[PROBLEM TO WORK ON]
The entries below are to be copied exactly, with every picture left out.

[Short descriptive text snippets]
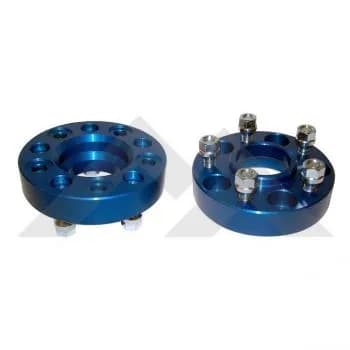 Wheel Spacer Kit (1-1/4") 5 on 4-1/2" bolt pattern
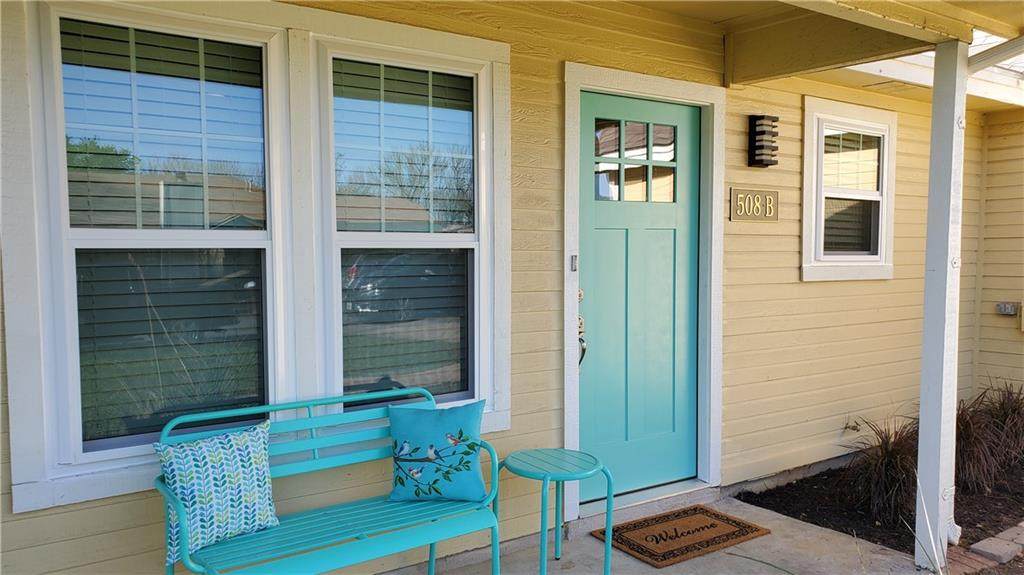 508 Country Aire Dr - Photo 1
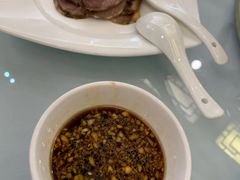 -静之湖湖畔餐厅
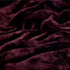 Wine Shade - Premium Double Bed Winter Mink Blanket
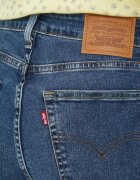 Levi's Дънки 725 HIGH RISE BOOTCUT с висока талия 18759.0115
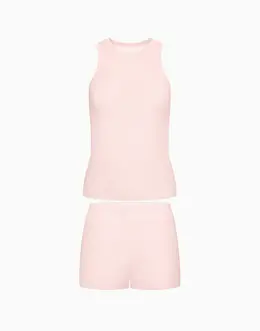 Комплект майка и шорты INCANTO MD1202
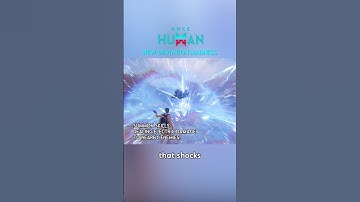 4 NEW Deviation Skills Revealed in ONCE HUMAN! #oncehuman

[EXERCISE RESPONSE]
 Wheel Spacer Kit (1-1/4") 5 on 4-1/2" bolt pattern
 508 Country Aire Dr - Photo 1
 -静之湖湖畔餐厅
 Wine Shade - Premium Double Bed Winter Mink Blanket
 Levi's Дънки 725 HIGH RISE BOOTCUT с висока талия 18759.0115
 Комплект майка и шорты INCANTO MD1202
 4 NEW Deviation Skills Revealed in ONCE HUMAN! #oncehuman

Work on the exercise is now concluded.